椎名 正樹さんのお父様である 椎名 正剛さん(代表取締役)がランの生産を始め、品種改良にも日々努力されました。その結果、従来のイメージを覆すコンパクトタイプの胡蝶蘭の開発に成功し国内ないし、現在ではヨーロッパやアメリカ、アジア諸国にも需要が高まり流通しています。 取り扱っている品種は200種類以上。その中の80%はなんと椎名さんオリジナルの品種で、現在もより時代に合った良い商品を作るために品種改良をされています。
もっと身近に感じてもらうよう、時代のニーズに合わせた胡蝶蘭づくりに励む生産者さんです。
生産者になったきっかけとは
幼少期からランを間近で見てきたと思いますが、いつ頃から生産者を目指されたのですか?
全く(笑)全然です。意識し出したのは20代前半あたりですかね。それまで全く興味なく父親の仕事という認識でした。園芸の学校を出たわけではないし、異業種の仕事をやるつもりでマスコミ関係学校に通っていました。
椎名さんの心を動かしたきっかけは何ですか?
父親の仕事を手伝っているうちに段々と興味が湧いてきました。それとオランダへ行った時のことですが、現地ではどこの家もランが観葉植物のような飾り方をしているのを見て驚きでした。日本と全く異なったスタイルでランを楽しんでおり、衝撃を受けましたね。

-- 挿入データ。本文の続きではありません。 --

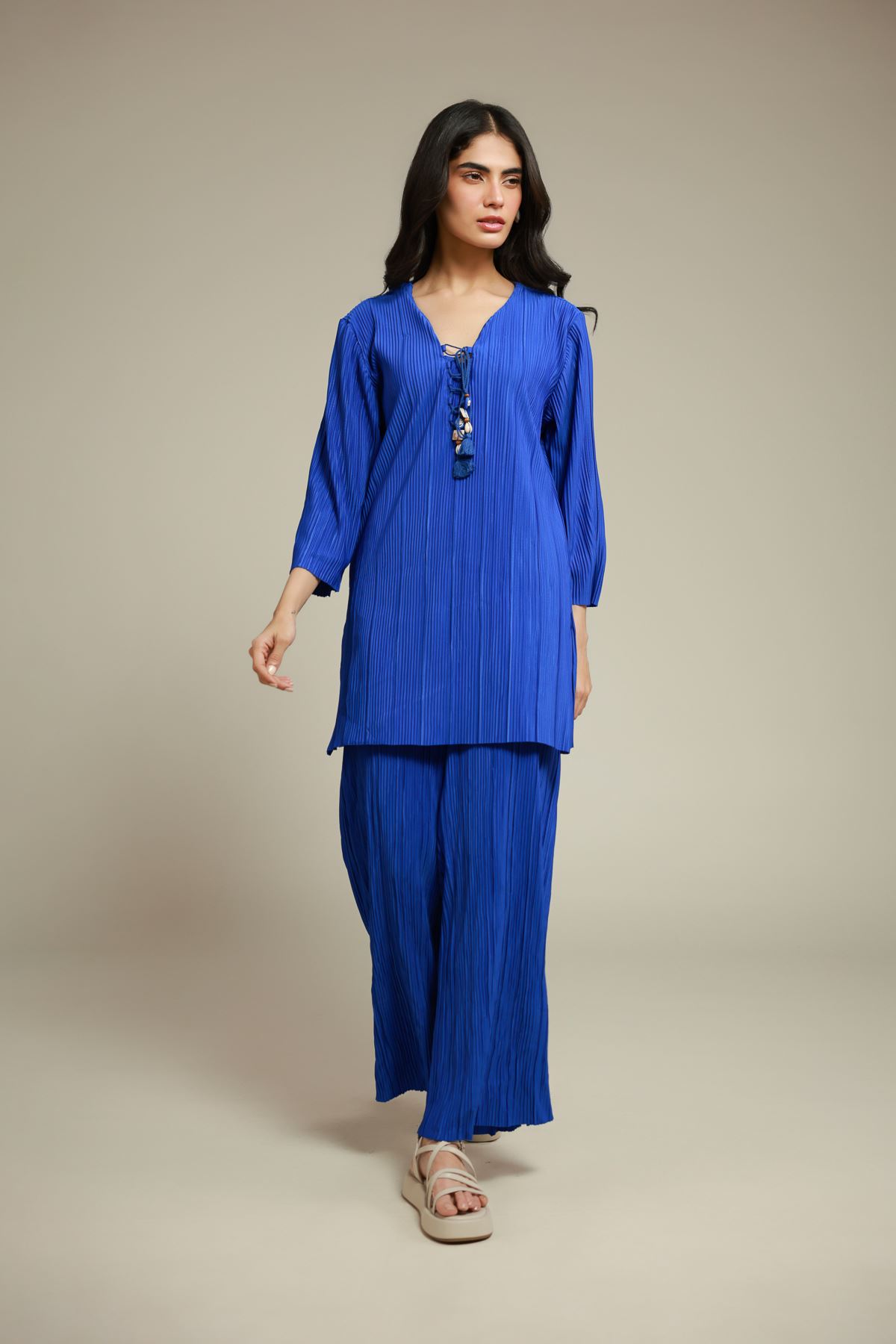 Dyed Blended Crinkle 2 Piece Co-ord Set | Top and Bottom - 25-11-12S2-10TA-VG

日本だとザ・開店祝いや贈答用のイメージが強く、気軽な植物ではないですよね。日常に馴染んでいる姿を見た時「カッコいいな、国内でもこのスタイルを浸透させたいな」と思いましたし、広めるは自分の使命だと感じましたね。
そしてミディだからというのはかなり大きいです。カジュアルに飾れて且つ花色が豊富なミディだからこそ、色々な視点で楽しめるのではないかと思えたんです。
そんな魅力にあふれるミディ胡蝶蘭ですが、栽培する中で特に苦労する点は何でしょうか?
増やすのに年数を要する所ですね。種を蒔いて開花するまでに約4年かかります。
新しい品種を作るときは、さらに品種を安定させなければなりませんので約10年かかります。10年後を見越した品種を作りを必要とされ、またそれが中々思い通りの品種にならないので苦労します。確率ですと10000分の3。思い通りの品種が出来るのは奇跡に近いですね。
それでは今ある品種はどのように増やしているのでしょうか?
まず種では株数を増やせないんです。種を蒔いても親株と同じ子どもは出ないので播種はできません。色々な花が咲いてしまうのです。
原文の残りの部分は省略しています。